• **WORK TO COMPLETE**
When the word "Fashion" appears in a line of the data below, list that line.

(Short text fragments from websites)
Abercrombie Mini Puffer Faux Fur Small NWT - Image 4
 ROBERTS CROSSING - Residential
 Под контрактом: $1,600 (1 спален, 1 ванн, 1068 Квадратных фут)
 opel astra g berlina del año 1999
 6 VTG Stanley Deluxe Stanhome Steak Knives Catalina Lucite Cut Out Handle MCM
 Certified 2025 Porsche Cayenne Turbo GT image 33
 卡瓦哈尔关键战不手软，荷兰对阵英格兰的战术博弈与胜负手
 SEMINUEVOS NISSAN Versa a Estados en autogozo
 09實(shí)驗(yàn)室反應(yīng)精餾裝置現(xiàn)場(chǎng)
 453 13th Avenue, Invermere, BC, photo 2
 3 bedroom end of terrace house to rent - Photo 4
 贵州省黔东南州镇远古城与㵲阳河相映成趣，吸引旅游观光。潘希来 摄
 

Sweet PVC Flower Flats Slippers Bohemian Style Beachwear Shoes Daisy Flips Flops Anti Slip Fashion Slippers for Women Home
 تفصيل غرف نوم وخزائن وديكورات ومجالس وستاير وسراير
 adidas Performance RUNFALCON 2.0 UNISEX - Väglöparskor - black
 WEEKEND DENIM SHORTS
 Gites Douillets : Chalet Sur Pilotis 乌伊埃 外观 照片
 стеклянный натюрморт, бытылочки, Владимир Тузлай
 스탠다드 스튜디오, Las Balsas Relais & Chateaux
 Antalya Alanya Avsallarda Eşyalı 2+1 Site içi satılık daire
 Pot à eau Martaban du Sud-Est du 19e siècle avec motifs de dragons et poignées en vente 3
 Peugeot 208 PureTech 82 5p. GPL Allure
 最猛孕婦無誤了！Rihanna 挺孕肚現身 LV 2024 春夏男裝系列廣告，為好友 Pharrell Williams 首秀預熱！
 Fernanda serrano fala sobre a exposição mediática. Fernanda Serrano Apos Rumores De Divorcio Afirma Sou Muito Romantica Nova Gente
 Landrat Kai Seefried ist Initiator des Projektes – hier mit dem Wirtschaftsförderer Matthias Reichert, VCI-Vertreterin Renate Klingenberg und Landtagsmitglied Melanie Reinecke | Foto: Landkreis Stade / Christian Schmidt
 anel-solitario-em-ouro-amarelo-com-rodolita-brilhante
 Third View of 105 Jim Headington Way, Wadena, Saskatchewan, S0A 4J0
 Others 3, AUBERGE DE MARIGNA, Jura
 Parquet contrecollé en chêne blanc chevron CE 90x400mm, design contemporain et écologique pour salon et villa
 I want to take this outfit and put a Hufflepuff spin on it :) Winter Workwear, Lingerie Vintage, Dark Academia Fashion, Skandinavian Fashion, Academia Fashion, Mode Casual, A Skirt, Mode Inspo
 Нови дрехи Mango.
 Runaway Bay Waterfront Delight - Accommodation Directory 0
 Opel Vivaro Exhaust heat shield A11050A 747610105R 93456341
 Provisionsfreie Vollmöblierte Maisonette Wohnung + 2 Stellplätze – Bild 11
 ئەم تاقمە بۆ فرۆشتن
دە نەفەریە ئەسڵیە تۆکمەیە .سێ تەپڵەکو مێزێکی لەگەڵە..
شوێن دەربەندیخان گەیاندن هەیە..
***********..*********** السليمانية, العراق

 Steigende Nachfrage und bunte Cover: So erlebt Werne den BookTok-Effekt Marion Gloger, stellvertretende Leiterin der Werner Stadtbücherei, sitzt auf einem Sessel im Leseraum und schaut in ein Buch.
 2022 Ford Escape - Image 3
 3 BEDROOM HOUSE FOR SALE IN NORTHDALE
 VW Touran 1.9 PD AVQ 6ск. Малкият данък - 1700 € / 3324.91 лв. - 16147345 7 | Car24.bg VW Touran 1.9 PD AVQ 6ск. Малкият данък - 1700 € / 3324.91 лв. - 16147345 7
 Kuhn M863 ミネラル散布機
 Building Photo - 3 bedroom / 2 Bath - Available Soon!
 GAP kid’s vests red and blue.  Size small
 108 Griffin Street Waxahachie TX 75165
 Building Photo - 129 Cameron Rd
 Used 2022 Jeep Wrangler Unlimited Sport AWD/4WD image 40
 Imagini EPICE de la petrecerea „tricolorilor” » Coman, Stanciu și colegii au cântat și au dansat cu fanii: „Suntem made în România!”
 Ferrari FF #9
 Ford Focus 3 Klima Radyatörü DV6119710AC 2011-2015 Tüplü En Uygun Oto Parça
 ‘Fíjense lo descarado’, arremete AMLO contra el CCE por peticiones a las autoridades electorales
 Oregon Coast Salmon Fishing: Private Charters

• **RESPONSE BELOW**
Sweet PVC Flower Flats Slippers Bohemian Style Beachwear Shoes Daisy Flips Flops Anti Slip Fashion Slippers for Women Home
 I want to take this outfit and put a Hufflepuff spin on it :) Winter Workwear, Lingerie Vintage, Dark Academia Fashion, Skandinavian Fashion, Academia Fashion, Mode Casual, A Skirt, Mode Inspo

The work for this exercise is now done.